Segment Start: RECORDS

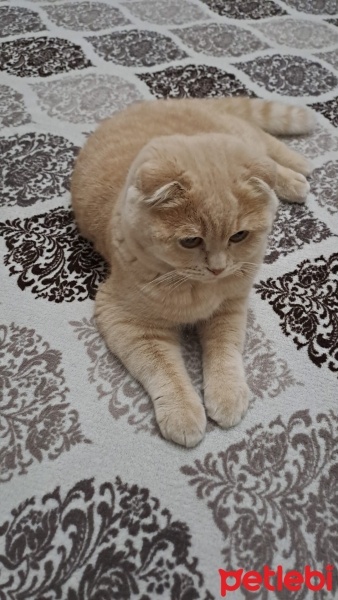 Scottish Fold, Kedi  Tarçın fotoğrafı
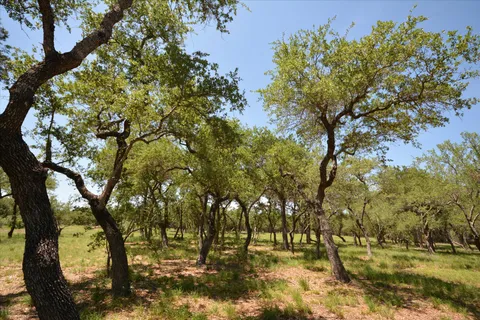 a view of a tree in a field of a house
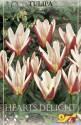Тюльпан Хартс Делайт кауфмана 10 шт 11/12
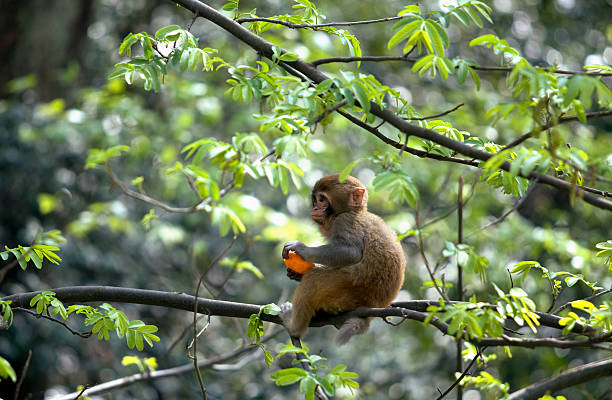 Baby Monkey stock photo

Segment End: RECORDS
Segment Start: RECORDS

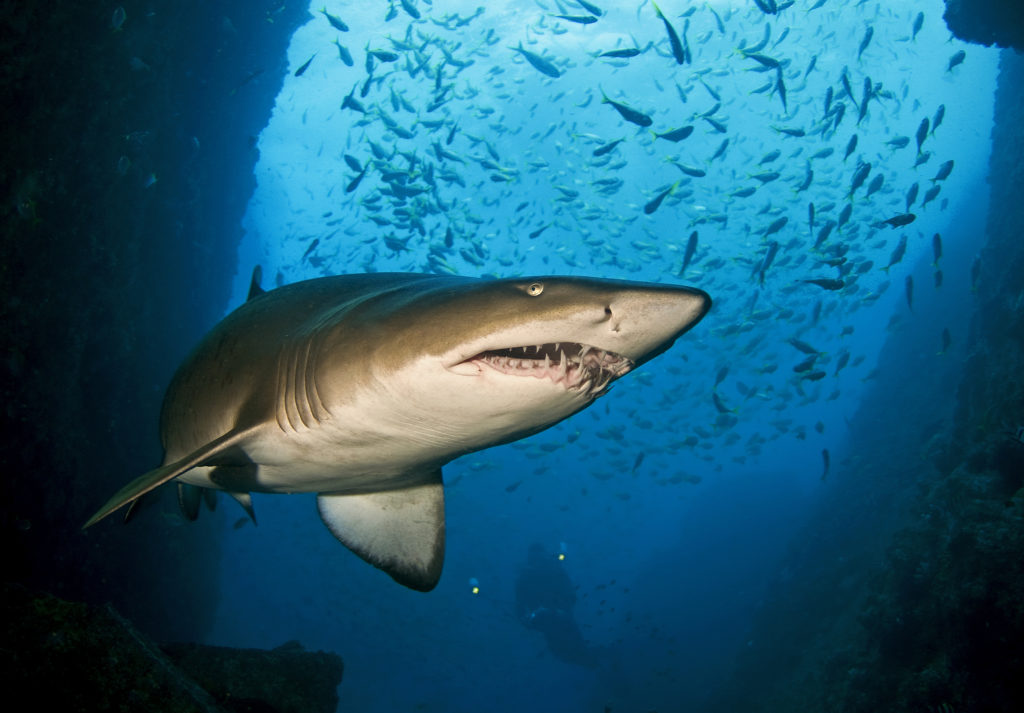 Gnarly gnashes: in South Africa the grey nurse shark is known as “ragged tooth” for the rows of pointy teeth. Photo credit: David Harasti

Segment End: RECORDS

#### WHAT IS REQUIRED
Would you output only the span of the records above that opens with the line containing "Тюльпан Хартс Делайт кауфмана 10 шт 11/12" and closes with the line containing "Baby Monkey stock photo", ends included and pictures dropped?

#### YOUR SOLUTION
Тюльпан Хартс Делайт кауфмана 10 шт 11/12
 Baby Monkey stock photo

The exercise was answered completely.